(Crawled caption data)
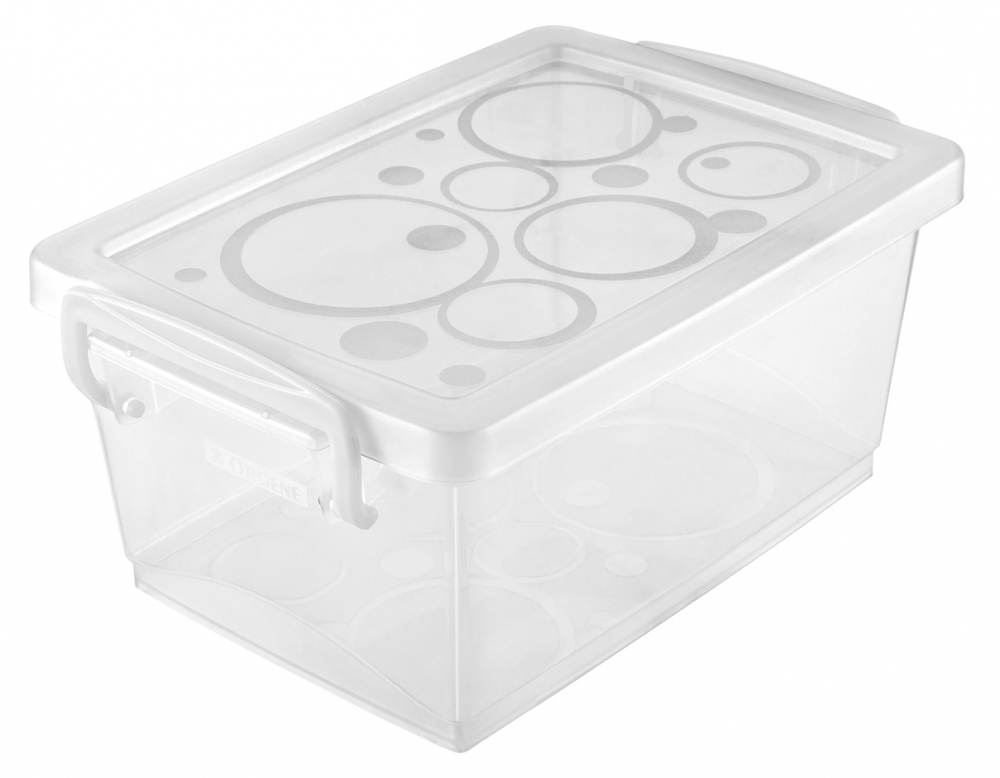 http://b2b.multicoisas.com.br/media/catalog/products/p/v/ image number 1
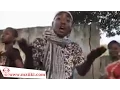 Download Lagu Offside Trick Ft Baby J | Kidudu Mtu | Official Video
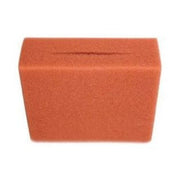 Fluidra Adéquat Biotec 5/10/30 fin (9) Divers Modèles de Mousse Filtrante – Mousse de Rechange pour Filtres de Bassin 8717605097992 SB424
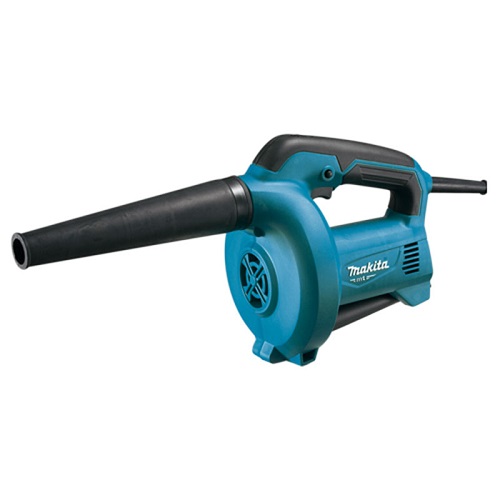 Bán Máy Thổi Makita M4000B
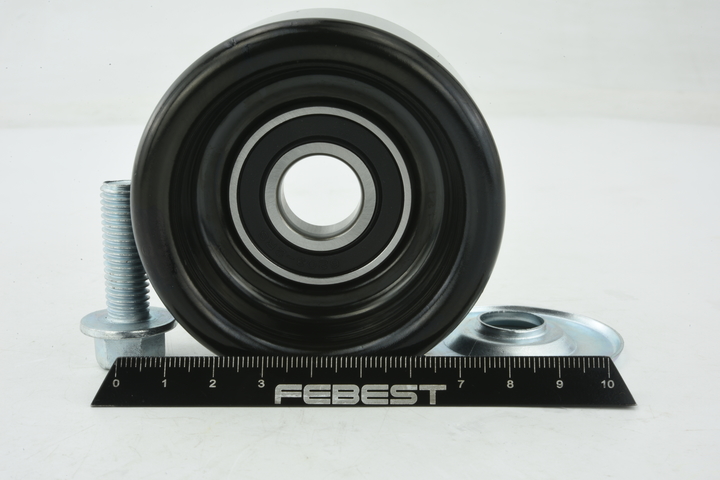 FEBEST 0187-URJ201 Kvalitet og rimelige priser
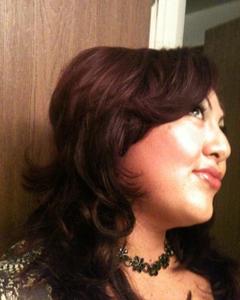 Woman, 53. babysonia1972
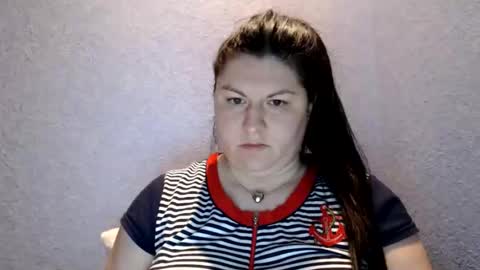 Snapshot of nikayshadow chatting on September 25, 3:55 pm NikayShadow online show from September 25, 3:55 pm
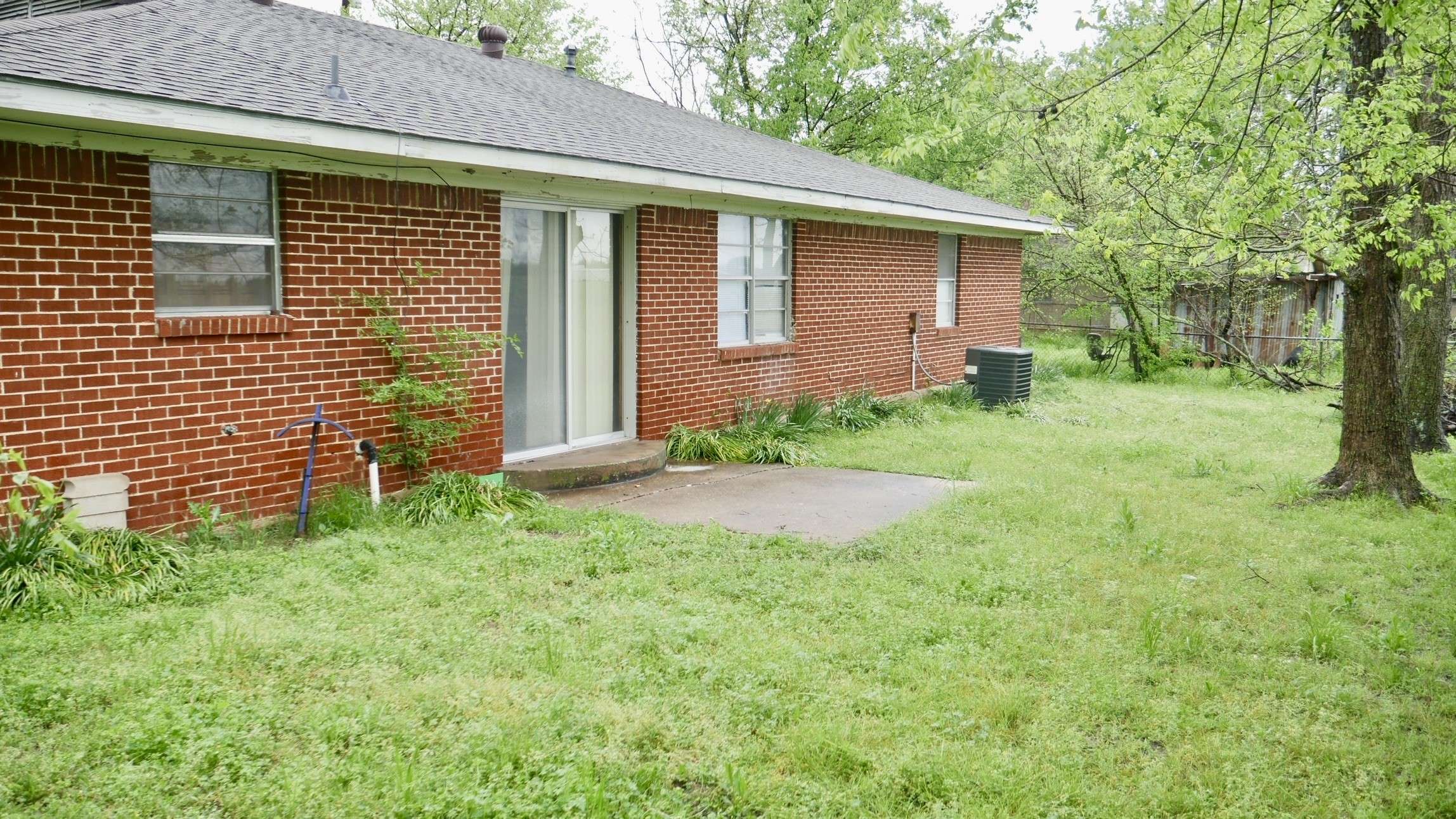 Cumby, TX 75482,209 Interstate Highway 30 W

> [Task item]
Reproduce only the lines between the line with "Snapshot of nikayshadow" and the final line of the records, both included, so that the copy matches them exactly and contains no pictures.

> [Response to the task]
 Snapshot of nikayshadow chatting on September 25, 3:55 pm NikayShadow online show from September 25, 3:55 pm
 Cumby, TX 75482,209 Interstate Highway 30 W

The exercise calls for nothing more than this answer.